What is required: Print, from the listing below, the lines starting at the line containing "1 School St #C, Maynard, MA 01754 - Photo 1" and ending at the line containing "Fulmer Road, Fulmer, SL3", exactly as they stand, and print nothing else.

Exercise input:
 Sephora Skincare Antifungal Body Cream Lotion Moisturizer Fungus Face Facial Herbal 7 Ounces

---

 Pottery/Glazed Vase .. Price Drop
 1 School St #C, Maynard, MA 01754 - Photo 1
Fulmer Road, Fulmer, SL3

...

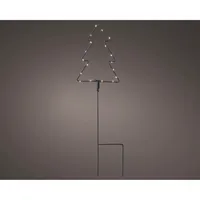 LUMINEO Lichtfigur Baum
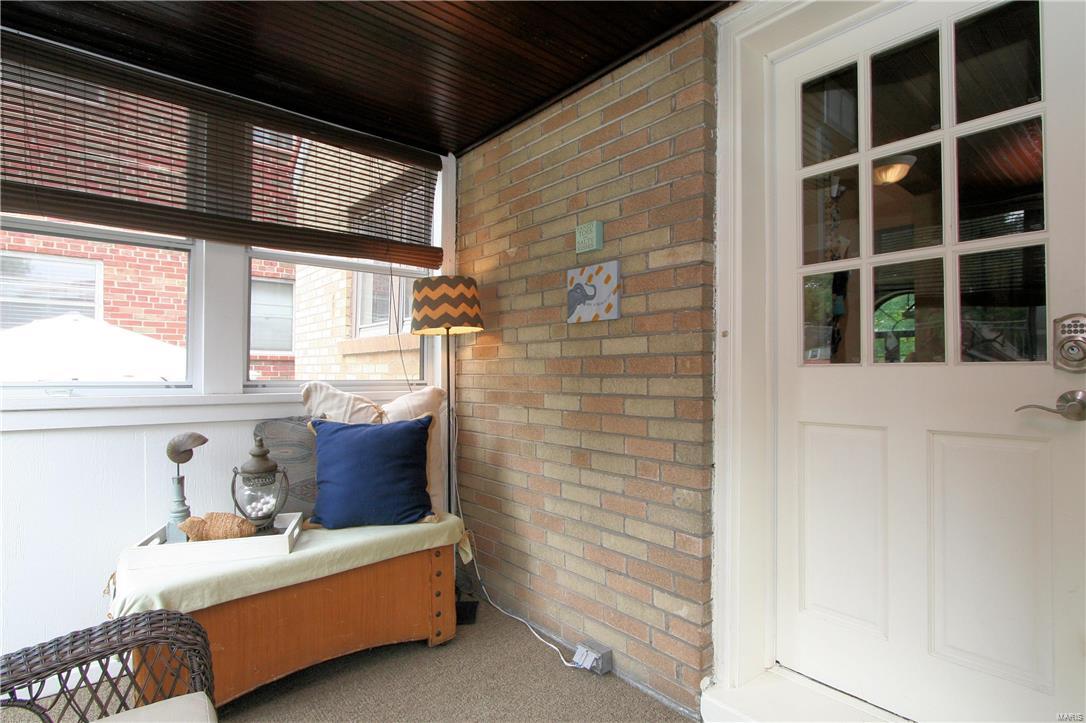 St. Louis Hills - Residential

Your solution:
 1 School St #C, Maynard, MA 01754 - Photo 1
Fulmer Road, Fulmer, SL3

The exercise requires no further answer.